» INPUT MATERIAL
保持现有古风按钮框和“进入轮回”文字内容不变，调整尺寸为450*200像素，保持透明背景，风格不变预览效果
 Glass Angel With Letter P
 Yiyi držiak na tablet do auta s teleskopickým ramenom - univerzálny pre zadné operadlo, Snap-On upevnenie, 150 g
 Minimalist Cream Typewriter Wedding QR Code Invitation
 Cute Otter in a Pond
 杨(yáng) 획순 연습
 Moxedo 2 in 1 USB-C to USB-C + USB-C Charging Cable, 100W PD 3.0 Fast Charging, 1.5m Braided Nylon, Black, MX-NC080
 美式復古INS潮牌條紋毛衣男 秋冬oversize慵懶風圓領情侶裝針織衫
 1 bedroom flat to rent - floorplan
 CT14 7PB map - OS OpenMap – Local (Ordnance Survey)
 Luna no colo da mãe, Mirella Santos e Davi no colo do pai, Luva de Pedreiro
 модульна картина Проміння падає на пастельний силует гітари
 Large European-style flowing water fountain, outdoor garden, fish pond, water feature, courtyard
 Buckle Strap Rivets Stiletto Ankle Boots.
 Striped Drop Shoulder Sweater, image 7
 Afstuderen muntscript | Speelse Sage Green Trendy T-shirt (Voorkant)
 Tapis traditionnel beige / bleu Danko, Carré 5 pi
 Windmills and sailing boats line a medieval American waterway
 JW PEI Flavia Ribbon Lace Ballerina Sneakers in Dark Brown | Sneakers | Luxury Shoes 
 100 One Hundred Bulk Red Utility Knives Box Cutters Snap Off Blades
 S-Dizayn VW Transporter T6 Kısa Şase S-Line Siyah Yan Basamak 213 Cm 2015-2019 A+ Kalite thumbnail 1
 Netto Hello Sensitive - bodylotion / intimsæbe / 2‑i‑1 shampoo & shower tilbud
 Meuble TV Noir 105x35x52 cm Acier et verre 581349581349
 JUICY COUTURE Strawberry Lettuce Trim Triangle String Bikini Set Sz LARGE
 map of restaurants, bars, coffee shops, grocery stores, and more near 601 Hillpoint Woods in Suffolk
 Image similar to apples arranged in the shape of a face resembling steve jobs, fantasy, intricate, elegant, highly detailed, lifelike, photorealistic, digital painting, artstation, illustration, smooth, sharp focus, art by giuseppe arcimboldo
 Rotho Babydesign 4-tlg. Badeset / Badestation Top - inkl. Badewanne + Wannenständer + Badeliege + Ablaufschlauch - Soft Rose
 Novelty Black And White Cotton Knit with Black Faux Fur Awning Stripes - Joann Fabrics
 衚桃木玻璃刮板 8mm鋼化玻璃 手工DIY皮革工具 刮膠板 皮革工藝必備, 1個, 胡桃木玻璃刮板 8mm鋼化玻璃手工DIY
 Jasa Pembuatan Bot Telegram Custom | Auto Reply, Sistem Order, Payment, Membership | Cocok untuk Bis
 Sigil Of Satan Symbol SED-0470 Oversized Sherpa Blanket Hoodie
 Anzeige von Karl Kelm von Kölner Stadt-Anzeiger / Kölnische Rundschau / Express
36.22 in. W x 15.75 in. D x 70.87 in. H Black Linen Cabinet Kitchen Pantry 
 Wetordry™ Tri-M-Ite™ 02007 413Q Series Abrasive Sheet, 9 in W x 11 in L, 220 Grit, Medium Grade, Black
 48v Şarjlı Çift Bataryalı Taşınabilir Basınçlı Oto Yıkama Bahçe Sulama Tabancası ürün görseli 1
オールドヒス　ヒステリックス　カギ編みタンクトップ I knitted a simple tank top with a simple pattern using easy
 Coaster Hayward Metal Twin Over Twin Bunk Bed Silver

» TASK GOAL
Retype the records above, but only those lines that fall between the line containing "1 bedroom flat to rent - floorplan" and the line containing "модульна картина Проміння", with both of those lines included, exactly as written.

» REPLY
 1 bedroom flat to rent - floorplan
 CT14 7PB map - OS OpenMap – Local (Ordnance Survey)
 Luna no colo da mãe, Mirella Santos e Davi no colo do pai, Luva de Pedreiro
 модульна картина Проміння падає на пастельний силует гітари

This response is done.